Caroline Pham of the Commodity Futures Trading Commission (CFTC) in the US has proposed that a dedicated office be set up for focusing on retail crypto investors.
In order to expand the consumer protection mandate of the CFTC, she suggested that an ‘Office of the Retail Advocate’ be established.
Retail investors
Pharm spoke on September 27th at an event hosted by Corda, which is a blockchain project, and said that the office would serve as a voice of the people.
She said that protecting retail investors had become a rather pressing issue in light of the recent events that had taken place in the crypto industry.
She was referring to the crypto market crash that happened back in May after the implosion of the Terra ecosystem, which highlighted the risk management failures of companies and led to massive retail losses.
She asserted that all of this showed that there is a need for balancing retail protection and innovation with the right regulation.

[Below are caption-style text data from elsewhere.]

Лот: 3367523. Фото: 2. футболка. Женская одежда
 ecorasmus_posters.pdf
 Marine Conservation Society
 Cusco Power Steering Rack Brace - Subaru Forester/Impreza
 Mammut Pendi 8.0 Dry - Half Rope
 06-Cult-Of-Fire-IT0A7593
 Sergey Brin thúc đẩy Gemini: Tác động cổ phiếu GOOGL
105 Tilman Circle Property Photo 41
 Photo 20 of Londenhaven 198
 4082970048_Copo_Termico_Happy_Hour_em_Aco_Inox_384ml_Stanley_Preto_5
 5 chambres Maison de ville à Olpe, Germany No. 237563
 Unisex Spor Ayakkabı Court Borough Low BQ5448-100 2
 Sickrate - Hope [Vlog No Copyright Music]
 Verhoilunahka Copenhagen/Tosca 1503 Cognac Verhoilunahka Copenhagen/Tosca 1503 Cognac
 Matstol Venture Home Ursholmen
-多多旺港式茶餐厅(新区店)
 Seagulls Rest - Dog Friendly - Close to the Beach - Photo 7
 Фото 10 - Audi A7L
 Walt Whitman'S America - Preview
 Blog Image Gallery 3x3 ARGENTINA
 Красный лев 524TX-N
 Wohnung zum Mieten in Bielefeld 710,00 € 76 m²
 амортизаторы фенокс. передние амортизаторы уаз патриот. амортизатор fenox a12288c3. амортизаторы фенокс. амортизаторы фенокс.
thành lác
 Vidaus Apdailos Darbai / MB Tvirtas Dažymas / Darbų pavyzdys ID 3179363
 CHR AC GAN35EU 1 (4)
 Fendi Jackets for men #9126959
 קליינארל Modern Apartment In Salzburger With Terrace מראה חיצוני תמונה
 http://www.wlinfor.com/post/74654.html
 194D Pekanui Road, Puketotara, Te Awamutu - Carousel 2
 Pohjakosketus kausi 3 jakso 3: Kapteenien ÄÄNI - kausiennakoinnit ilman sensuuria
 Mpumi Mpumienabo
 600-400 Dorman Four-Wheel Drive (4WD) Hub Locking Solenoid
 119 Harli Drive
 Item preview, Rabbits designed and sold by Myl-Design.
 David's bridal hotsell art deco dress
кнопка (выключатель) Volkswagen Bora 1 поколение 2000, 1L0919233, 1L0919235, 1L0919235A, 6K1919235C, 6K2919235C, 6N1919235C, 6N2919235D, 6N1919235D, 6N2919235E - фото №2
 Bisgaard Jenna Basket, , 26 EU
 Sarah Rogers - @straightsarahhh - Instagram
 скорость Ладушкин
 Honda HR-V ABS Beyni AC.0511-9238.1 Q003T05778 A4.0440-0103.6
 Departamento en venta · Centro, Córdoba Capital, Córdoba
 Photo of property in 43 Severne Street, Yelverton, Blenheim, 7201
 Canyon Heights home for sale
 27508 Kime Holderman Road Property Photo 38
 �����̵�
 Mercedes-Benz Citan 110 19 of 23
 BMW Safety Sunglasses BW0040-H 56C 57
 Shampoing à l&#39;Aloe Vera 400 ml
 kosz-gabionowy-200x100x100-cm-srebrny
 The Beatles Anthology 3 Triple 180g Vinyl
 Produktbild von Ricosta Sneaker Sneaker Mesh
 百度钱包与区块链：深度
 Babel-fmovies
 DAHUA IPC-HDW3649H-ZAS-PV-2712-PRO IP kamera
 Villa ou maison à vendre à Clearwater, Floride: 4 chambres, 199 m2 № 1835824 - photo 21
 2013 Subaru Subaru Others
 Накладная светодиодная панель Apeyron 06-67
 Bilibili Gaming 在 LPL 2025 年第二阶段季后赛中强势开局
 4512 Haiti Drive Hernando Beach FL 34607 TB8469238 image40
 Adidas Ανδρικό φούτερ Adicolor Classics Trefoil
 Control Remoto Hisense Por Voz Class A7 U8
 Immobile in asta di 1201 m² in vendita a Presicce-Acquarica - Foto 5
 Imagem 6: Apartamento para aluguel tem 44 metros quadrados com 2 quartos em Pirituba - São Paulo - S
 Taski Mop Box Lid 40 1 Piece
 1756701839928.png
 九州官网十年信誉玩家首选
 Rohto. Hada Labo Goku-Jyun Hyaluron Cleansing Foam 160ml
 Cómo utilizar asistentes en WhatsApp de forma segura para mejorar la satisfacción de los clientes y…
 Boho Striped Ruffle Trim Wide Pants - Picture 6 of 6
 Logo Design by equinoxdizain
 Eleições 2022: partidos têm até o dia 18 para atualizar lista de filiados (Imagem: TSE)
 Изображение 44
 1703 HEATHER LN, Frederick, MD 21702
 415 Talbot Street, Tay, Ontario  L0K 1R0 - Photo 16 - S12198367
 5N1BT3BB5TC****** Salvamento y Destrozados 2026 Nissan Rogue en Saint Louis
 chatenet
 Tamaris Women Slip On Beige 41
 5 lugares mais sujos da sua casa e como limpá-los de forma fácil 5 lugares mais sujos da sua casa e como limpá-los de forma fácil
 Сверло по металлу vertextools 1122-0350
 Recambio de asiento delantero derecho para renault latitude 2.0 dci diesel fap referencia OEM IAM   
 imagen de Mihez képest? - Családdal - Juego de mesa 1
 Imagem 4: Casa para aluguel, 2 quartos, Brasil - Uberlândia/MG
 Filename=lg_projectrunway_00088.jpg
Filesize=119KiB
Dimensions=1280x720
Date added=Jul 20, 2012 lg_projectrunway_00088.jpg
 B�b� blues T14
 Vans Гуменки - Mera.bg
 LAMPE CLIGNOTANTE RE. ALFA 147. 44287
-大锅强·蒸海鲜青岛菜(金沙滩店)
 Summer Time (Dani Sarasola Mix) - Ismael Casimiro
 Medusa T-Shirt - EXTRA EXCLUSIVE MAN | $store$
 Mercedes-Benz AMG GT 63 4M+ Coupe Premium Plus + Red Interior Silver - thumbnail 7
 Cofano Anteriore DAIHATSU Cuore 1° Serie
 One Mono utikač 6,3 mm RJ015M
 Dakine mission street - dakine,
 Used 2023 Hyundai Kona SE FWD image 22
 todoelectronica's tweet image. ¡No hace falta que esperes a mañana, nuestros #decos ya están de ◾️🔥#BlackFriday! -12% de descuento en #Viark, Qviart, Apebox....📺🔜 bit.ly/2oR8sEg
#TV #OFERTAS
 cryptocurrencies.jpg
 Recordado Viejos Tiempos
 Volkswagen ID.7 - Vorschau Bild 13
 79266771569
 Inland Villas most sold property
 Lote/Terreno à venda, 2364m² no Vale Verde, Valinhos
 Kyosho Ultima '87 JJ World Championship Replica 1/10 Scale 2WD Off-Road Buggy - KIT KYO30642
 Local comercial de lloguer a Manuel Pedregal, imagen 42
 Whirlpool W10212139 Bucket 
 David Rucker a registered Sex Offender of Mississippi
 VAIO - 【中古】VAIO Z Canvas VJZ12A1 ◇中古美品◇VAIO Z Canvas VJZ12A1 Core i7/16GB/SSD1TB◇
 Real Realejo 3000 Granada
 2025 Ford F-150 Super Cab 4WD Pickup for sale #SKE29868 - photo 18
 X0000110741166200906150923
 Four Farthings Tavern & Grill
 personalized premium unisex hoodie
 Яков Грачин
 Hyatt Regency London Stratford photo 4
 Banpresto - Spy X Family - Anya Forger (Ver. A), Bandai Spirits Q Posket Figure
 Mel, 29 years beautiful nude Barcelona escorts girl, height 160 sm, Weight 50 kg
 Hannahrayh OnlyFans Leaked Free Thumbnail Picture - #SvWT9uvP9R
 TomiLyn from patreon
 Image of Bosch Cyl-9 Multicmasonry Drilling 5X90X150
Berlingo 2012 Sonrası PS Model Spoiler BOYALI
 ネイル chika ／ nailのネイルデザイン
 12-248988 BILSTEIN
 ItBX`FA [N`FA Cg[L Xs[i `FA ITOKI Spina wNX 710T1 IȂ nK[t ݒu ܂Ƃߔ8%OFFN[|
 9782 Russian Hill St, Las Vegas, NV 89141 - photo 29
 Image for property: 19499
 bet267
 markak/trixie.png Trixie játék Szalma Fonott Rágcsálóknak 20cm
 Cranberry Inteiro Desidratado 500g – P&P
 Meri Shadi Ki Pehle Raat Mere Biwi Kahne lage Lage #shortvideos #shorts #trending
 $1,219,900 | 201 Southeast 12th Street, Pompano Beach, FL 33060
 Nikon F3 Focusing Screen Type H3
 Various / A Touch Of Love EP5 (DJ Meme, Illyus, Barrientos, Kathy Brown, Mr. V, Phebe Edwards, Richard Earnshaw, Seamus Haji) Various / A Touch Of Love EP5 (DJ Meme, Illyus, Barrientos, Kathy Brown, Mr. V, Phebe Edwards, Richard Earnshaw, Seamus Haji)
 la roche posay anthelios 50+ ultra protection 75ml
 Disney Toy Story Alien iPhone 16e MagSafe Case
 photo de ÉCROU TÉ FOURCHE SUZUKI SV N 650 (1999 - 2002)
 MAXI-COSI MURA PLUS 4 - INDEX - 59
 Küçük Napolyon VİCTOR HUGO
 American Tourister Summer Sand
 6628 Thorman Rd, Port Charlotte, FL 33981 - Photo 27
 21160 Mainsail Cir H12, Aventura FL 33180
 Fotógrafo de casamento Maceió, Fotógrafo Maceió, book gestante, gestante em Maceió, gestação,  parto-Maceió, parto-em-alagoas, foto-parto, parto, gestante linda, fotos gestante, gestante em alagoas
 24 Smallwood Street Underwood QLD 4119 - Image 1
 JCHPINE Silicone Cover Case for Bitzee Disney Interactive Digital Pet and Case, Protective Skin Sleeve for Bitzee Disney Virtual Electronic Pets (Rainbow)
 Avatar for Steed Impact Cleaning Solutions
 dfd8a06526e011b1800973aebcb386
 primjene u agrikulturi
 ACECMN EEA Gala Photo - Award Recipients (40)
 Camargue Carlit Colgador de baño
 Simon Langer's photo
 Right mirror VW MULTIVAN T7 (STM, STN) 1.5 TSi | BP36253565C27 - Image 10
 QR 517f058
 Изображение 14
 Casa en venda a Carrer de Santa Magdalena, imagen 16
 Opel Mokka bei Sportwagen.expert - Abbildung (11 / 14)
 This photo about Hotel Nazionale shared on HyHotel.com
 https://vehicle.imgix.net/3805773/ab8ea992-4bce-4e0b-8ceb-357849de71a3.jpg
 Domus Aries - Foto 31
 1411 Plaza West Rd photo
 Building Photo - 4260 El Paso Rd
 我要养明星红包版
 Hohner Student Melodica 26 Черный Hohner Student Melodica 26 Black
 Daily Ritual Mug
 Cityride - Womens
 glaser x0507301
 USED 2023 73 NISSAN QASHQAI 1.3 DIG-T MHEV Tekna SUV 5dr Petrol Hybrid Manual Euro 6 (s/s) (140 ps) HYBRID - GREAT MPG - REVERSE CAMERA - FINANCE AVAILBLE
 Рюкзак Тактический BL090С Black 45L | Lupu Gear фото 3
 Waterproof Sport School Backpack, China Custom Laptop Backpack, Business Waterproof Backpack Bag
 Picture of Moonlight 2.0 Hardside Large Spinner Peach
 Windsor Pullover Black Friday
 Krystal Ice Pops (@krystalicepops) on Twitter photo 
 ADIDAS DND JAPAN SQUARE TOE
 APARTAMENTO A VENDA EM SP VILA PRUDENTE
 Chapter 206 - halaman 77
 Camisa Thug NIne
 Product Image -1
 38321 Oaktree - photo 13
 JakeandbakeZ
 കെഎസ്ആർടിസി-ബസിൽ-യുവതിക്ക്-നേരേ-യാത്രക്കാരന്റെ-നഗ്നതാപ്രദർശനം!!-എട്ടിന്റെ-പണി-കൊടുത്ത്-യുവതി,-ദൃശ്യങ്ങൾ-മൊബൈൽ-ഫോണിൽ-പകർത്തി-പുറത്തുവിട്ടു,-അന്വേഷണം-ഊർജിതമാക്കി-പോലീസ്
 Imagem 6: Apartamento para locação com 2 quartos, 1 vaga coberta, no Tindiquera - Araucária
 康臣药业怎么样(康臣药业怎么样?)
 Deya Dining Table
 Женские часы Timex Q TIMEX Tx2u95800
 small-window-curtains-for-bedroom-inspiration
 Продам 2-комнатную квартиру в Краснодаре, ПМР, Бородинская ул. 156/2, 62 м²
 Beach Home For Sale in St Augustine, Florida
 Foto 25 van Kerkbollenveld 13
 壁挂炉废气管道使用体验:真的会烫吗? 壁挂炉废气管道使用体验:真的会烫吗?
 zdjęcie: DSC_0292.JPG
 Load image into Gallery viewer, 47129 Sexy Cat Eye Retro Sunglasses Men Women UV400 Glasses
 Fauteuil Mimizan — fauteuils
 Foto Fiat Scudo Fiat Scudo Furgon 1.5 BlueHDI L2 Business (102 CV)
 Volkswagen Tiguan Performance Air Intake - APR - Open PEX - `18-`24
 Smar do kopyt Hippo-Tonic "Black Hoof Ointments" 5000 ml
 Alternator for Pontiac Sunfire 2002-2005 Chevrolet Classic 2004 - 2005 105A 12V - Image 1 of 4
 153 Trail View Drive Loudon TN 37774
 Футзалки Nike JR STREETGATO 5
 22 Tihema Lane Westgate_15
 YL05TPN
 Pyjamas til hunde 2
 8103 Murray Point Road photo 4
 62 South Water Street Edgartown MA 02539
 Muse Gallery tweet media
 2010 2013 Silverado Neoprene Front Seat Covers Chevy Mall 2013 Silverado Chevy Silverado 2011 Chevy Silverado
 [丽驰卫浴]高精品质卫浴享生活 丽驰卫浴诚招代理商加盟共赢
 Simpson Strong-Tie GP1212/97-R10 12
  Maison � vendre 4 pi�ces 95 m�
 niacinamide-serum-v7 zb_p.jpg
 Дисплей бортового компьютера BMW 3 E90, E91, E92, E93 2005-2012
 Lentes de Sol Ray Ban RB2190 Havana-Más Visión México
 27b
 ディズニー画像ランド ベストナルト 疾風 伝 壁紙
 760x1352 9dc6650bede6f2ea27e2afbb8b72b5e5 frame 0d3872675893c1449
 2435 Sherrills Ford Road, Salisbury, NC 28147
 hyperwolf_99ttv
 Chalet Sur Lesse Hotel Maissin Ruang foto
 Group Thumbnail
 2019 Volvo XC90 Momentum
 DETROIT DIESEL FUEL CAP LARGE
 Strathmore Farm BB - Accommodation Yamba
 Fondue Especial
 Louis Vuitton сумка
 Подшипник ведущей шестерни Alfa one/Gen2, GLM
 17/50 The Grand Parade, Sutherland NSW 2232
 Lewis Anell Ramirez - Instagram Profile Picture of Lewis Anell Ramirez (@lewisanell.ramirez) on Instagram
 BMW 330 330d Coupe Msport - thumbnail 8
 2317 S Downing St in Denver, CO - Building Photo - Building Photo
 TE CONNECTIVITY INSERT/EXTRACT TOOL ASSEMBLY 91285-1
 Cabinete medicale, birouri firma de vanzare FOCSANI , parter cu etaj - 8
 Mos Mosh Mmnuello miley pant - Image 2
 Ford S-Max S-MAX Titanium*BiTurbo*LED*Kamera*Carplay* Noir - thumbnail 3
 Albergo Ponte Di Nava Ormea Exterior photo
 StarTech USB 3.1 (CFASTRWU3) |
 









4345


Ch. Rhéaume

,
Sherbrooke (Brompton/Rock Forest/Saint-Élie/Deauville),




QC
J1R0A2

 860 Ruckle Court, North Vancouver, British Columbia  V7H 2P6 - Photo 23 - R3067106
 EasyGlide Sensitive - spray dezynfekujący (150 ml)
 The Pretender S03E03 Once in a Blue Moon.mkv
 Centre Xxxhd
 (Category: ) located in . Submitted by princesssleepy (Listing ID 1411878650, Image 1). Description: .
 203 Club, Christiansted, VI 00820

The model of the office that Pham proposed was in accordance with the Office of the Investor Advocate of the US Securities and Exchange Commission (SEC).
She stated that it was a ‘tried and true’ method of ensuring consumer protection.
The functions
Pham said that there were four core functions that the SEC’s Office had to serve. These include assisting retail investors in resolving problems with self-regulatory organizations, or the SEC.
Others are to give investors a voice in policymaking, support advisory committees and also assessing investor behavior and doing economic analysis and research.
Pham also said that existing markets could be changed because of blockchains and digital assets and also highlighted ten fundamentals that would be needed for responsible digital asset markets.
She said that even though it was still too early, they would be able to offer some great use cases if they are able to achieve blockchain stability and also improve scalability.
The fundamentals
The fundamentals that would be required include dealing with conflicts of interests, ensuring transparency, protecting the retail public and consumers, determining whether an asset is a security or not and mitigating systemic risks like the cascading liquidations seen after the Terra collapse.
The proposal is the latest effort that the CFTC has made for advancing its authority in monitoring the crypto markets.
It also comes after calls from lawmakers in the United States and the community that are all interested in some clarity in regard to crypto regulation.
However, the regulatory authority has come under fire because of the Ooki DAO case, which has been considered an example of regulation by enforcement.
The community believes that these are the same tactics that the US SEC is using against Ripple Labs, which have not been appreciated at all.
According to Pham, these are her views and also added that the CFTC, or other commissioners, may not be in agreement with them.